People are averse to having something bad happen on their watch. Space is a risky business. There are going to be problems, there are going to be accidents. We have to face up to that and fix the problems as we go. That's what's eventually going to get us where we need to go.
NASA was the tip of the spear during the Cold War. We were trying to win a war. Obviously, any war you fight has casualties.
That's probably true. John F. Kennedy very clearly made the Lunar Landing a priority to beat the Russians. There's no question about that. The unintended consequences of that was the technology that was developed. I don't think anybody has ever really picked up on the importance of that.

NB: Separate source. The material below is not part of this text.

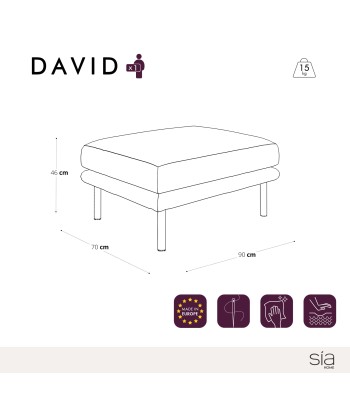 Pouf DAVID Velours meilleur choix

At least, I've never heard anything, anyway.
Those of us who were coming of age during the space program were also growing up at a time when the country was probably even more divided than it seems now. For me, space exploration was a way for young people to understand what the collective could accomplish when it worked together.
We need that mentality today, but we don't have it. There's too much divisiveness in the people in Washington. Everybody is fighting everybody else these days. Some of this other stuff is going by the wayside, I'm afraid.